Hace un par de meses, fui testigo de un incidente en el Metrobús: dos hombres con acento extranjero conversaban cuando una mujer subió y, después de un minuto, con agresividad, les exigió que se hicieran al fondo. Uno de ellos respondió con un puñetazo en la cara. Se generó una pelea. En otros contextos, he escuchado quejas sobre una colonia de un país en particular. Es evidente que el ambiente xenofóbico crece sin que haya respuestas desde la política pública.
Este problema se intensificará con las deportaciones desde Estados Unidos, tanto de mexicanos como de extranjeros. Nos enfrentamos a un nuevo panorama en el que podría haber connacionales con intención de emprender, lo cual generaría dinamismo económico. Al mismo tiempo, es posible que los no mexicanos sean empleados de estos emprendedores. ¿Esperaremos a que la realidad nos sobrepase o tomaremos acciones preventivas?
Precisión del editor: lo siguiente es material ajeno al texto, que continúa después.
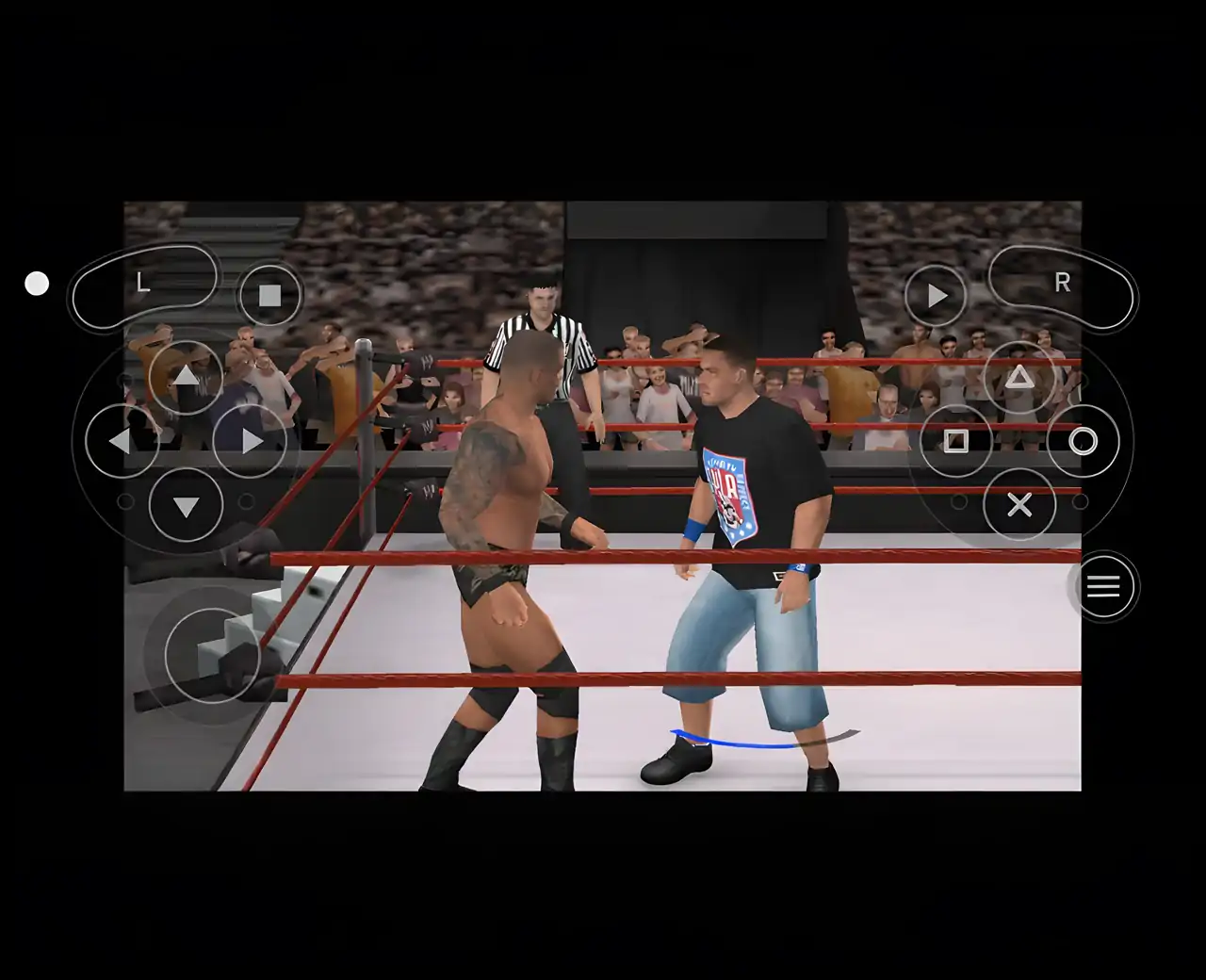 WWE美国职业摔角联盟2010（PSP游戏）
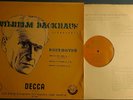 WILHELM BACKHAUS BEETHOVEN DECCA LXT 2903 LAMINATED SLEEVE GOLD ORANGE UK LP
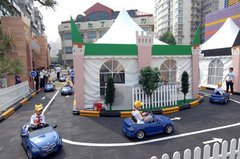 2012 BMW儿童交通安全训练营首扎营泉城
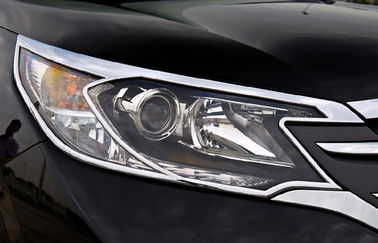 چین قاب جلو ABS کروم برای هوندا CR-V 2012 چراغ جلو تامین کننده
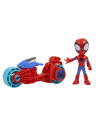 Spidey Prietenii Extraordinari Set Motocicleta Si Figurina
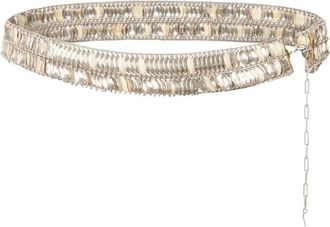 Isabel Marant Cintura a catena Kailai - Argento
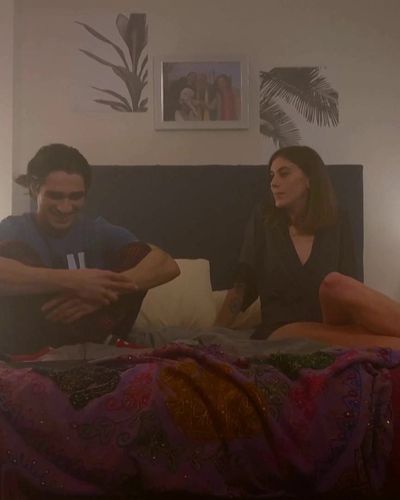 Ece Ertez seksi ifşa fotoğrafı 20 — Çıplak (2020)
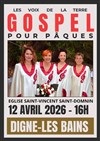 Gospel de Pâques : Les Voix de la Terre - Eglise Saint-Vincent Saint-Domnin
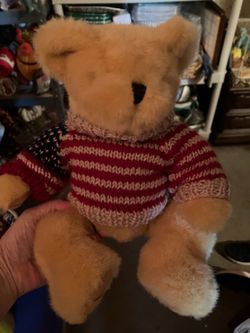Patriotic bear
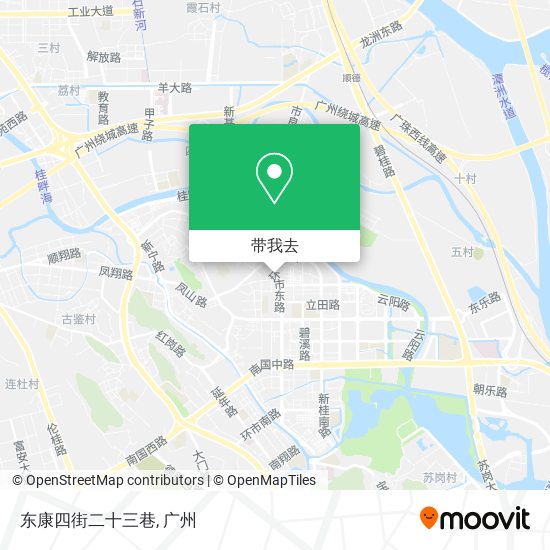 东康四街二十三巷地图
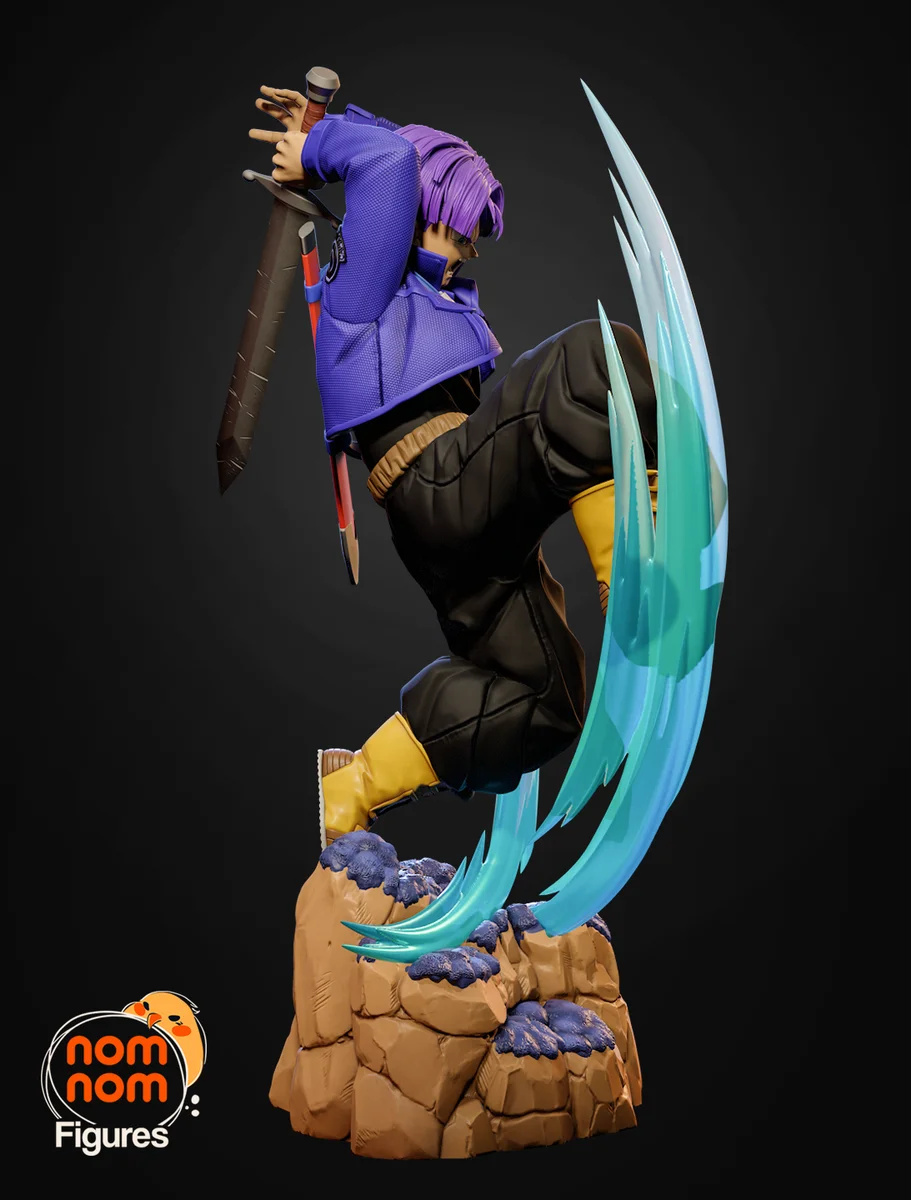 Trunks | Fan Art | 3D Printed Resin Model Garage Kit | *Un-Painted* | Nomnom 5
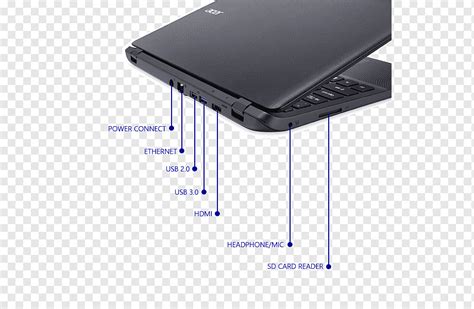 Laptop Acer Aspire Computer Lenovo Laptop Angle Electronics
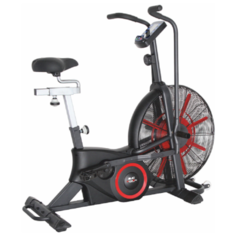 Вертикальный велотренажер UltraGym UG-AB003 черный/красный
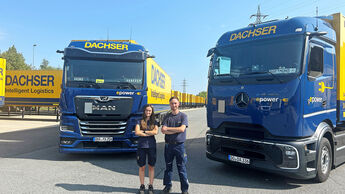 dachser, e-lkw, porträt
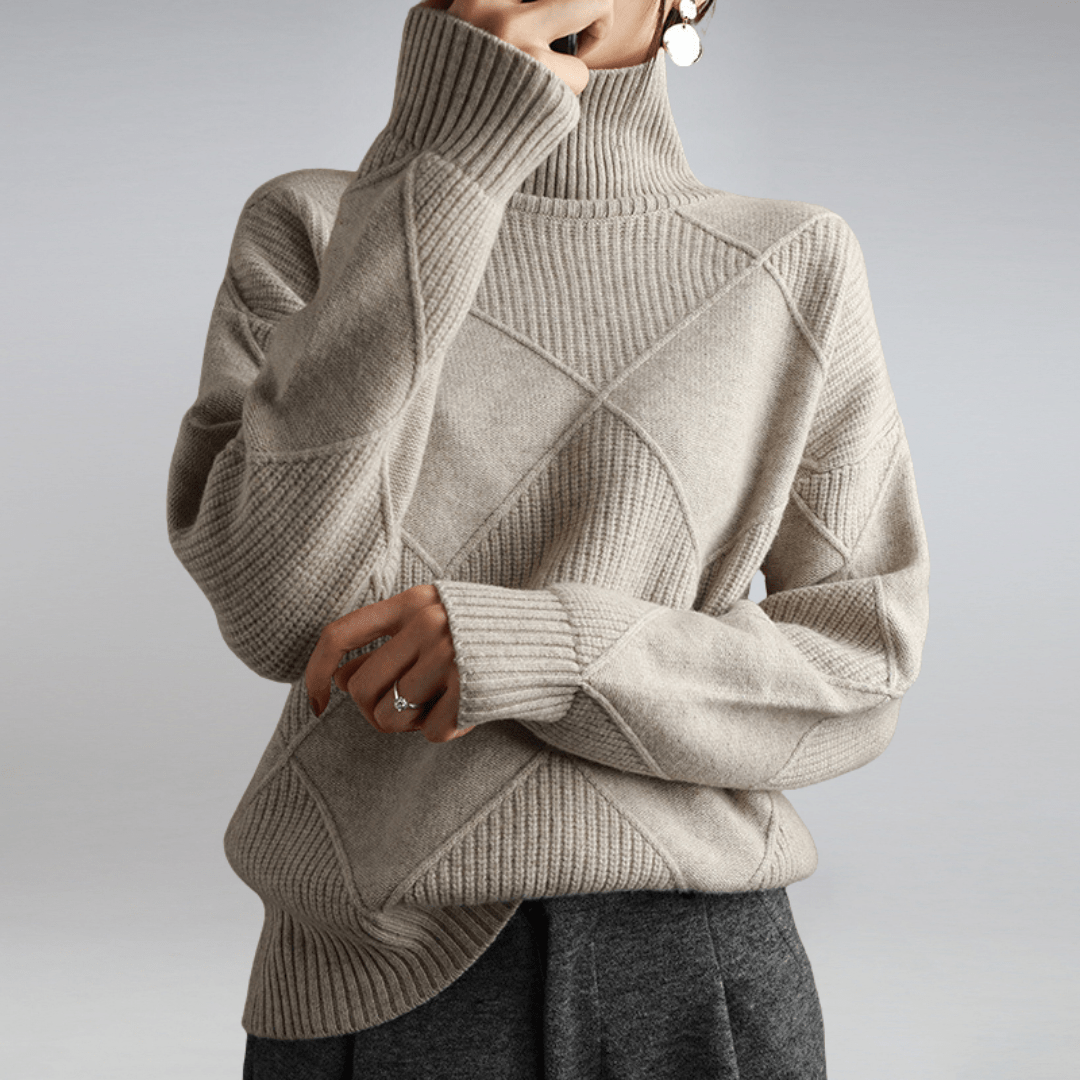 ZAFRINAE – PURE CASHMERE SWEATER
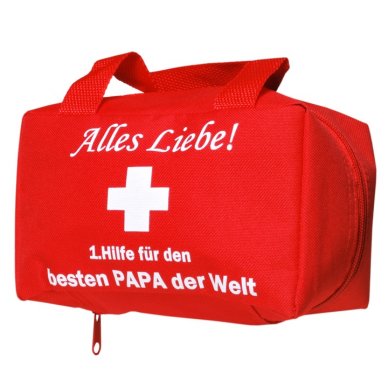 Tasche zum Vatertag - 1. Hilfe für Papa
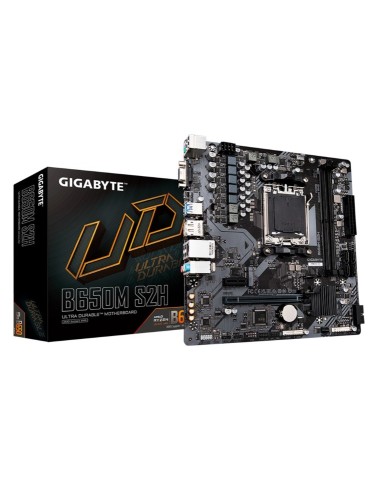 PB S-AM5 B650M S2H    GIGABYTE DDR5 M-ATX RAID...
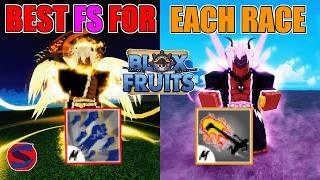 The BEST Fighting Style for EACH RACE! Blox Fruits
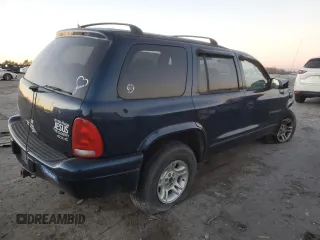 2001 Dodge Durango z VIN 1B4HS28Z21F637575, wystawiony jako Copart lot #83012674 z przebiegiem 276 619 mil mil oraz Szkoda całkowita • Salvage title. Historia ofert i sprzedaży dostępna na DreamBid. Obrazek 3.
Uno de los grandes retos es la vivienda. ¿Dónde vivirán los migrantes y deportados? Esto impactará la demografía y los precios del suelo en las ciudades. Es necesario prever soluciones. Un ejemplo es el reaprovechamiento de viviendas abandonadas desde el gobierno de Calderón, que podrían ser utilizadas por migrantes a través de un esquema de renta con pago a los propietarios y vinculación a programas de capacitación laboral. Con ello, se revitalizarían espacios urbanos deteriorados y se beneficiaría a los dueños de estos inmuebles.
México debe asignar presupuestos significativos a vivienda, alimentación y capacitación para los migrantes temporales que probablemente permanezcan en el país durante años. Pero también es fundamental impulsar políticas de integración social, especialmente en las ciudades, donde las fricciones se intensificarán. La migración debe verse como una oportunidad de desarrollo y no solo como un problema del que apenas se habla.